--- Exercise requirements ---
Set out the listing word for word. End with the line that contains "A beach with".

--- Records for the exercise ---
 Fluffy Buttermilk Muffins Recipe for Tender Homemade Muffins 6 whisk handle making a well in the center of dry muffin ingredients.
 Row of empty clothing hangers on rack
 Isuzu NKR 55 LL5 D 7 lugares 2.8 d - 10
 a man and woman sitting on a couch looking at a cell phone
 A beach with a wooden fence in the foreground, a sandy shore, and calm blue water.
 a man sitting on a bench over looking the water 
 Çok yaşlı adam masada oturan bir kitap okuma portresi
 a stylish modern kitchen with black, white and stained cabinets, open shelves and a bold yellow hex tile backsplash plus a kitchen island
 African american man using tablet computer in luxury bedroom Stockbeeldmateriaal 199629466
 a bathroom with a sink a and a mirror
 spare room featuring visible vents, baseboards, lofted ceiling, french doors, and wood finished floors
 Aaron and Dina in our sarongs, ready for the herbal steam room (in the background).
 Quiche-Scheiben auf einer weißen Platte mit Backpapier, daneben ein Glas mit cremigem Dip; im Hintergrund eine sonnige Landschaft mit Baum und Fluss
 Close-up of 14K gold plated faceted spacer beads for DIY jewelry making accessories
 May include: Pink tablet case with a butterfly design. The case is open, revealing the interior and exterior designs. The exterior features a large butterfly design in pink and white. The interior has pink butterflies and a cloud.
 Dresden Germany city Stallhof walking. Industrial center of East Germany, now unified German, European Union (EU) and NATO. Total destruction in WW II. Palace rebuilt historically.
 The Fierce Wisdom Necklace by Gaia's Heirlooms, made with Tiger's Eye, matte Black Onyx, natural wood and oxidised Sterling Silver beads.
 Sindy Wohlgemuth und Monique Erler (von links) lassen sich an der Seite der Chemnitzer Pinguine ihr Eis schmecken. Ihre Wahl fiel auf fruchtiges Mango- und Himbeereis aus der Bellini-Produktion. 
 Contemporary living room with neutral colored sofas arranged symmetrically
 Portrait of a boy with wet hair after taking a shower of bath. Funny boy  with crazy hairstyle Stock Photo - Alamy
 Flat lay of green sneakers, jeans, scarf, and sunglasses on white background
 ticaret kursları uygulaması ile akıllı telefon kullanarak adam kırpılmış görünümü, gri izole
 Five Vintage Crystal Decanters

--- Answer space ---
 Fluffy Buttermilk Muffins Recipe for Tender Homemade Muffins 6 whisk handle making a well in the center of dry muffin ingredients.
 Row of empty clothing hangers on rack
 Isuzu NKR 55 LL5 D 7 lugares 2.8 d - 10
 a man and woman sitting on a couch looking at a cell phone
 A beach with a wooden fence in the foreground, a sandy shore, and calm blue water.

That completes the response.